Le moment du décès joue un moindre rôle. Cela signifie qu'une espérance de vie évaluée très prudemment ne conduit pas à une baisse massive de la rente. Avec une retraite à 65 ans et 609 000 francs de fortune, la rente annuelle atteint 39 169 francs si le décès se produit à 95 ans et de 48 139 francs à 85 ans. Il en résulte par ailleurs que la masse successorale est peu affectée par un décès survenant plus tard.
L'AVS ou 16 000 francs à la naissance
Un autre chiffre mérite le détour: si un enfant reçoit 16 000 francs à la naissance et si cet argent est rémunéré à 5% pendant 65 ans, il aura financé entièrement une rente équivalente à l'AVS, selon l'Institut Libéral. Un héritage de ce montant, au prix d'un renoncement à une partie de la rente, contribue donc grandement à la prévoyance des générations futures, assure l'expert.
Cette proposition alternative permet aussi de mettre en évidence des erreurs éventuelles. Paolo Pamini évoque par exemple l'effet des différences de rendement. Une baisse de 1% (donc de 5 à 4%) sur les exemples ci-dessus se traduit par une diminution de la rente de 30%. Si le rendement tombe à 3%, la rente chute de plus de la moitié. A l'inverse, si le rendement grimpe à 6% par an, la rente est relevée de 44%. L'Institut Libéral souligne ici l'impact pénalisant des frais des produits financiers et de l'inflation. «Les banques et l'État y gagnent, les épargnants y perdent», selon l'étude. Des frais de gestion de 1% par an mangent 30% de l'épargne de vieillesse.

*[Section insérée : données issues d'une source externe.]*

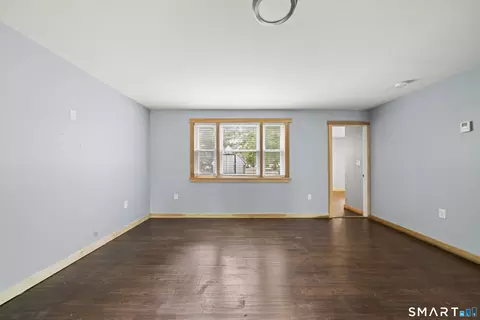 Living - Undisclosed, Windsor Locks, CT 06096 photo 3 of 4
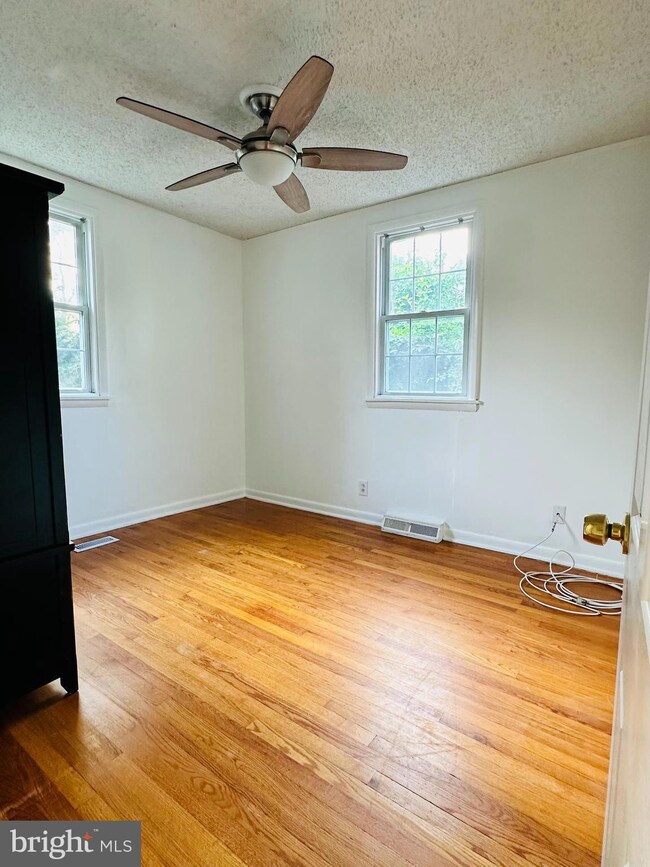 3510 Shenandoah Ave, Halethorpe, MD 21227 - photo 6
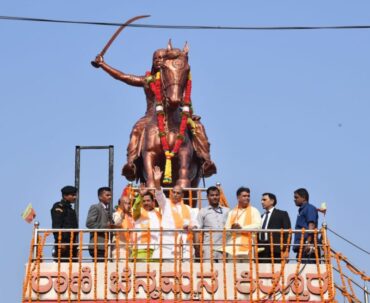 Unveiling of Chhatrapati Shivaji Maharaj statue;CM announces an additional Rs.5 Crore grant for the development of Rajhansghad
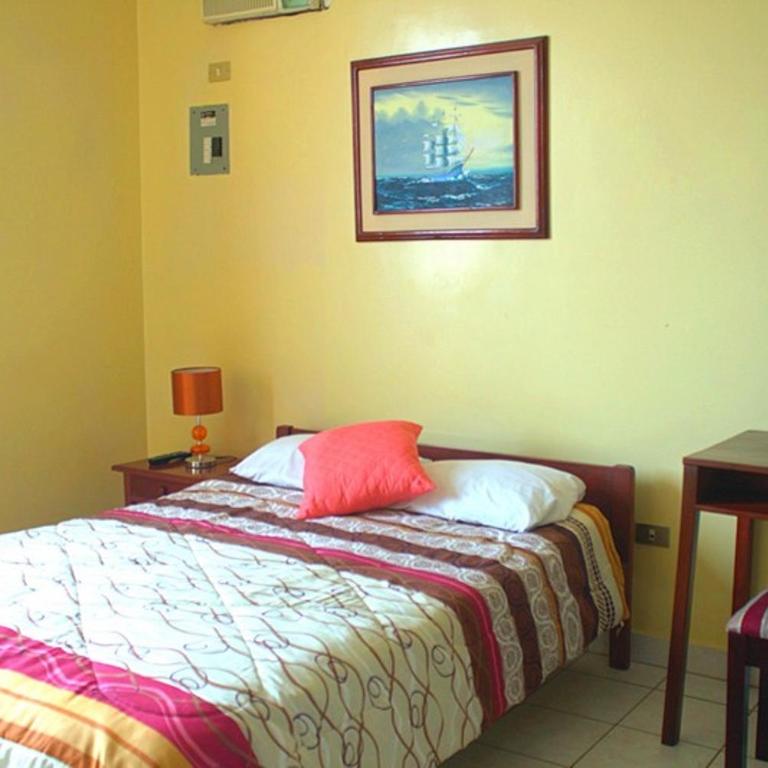 Hotel-Suites Costa de Oro - Single Room with Private Bathroom - 1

Depuis l'introduction de l'AVS, en 1948, l'espérance de vie est passée de 68 à 83 ans. Mais l'âge de référence est resté à 65 ans pour les hommes. Le projet de réforme Berset est une fuite en avant puisqu'il est constitué à 90% de nouvelles recettes, ce qui pénalise la croissance. L'AVS devrait être supprimé et le deuxième pilier libéralisé, selon Pierre Bessard, directeur de l'Institut Libéral. Dans un premier temps, il faudrait relever l'âge de référence pour la retraite à 70 ans.
L'AVS n'est pas une assurance mais un système de Ponzi, parce qu'il utilise les cotisations de l'un pour satisfaire les besoins de l'autre. C'est un impôt et non un facteur de solidarité, puisque cette dernière est volontaire et individuelle, selon l'Institut Libéral. Le modèle de 2e pilier, certes trop régulé est «moralement supérieur» à l'AVS parce qu'il s'appuie sur la capitalisation et donc la responsabilité individuelle. Mais, selon Pierre Bessard, il «ignore la liberté de choix individuelle et la mobilité ainsi que la diversité croissante des besoins ainsi que le caractère transnational de la vie au 21e siècle».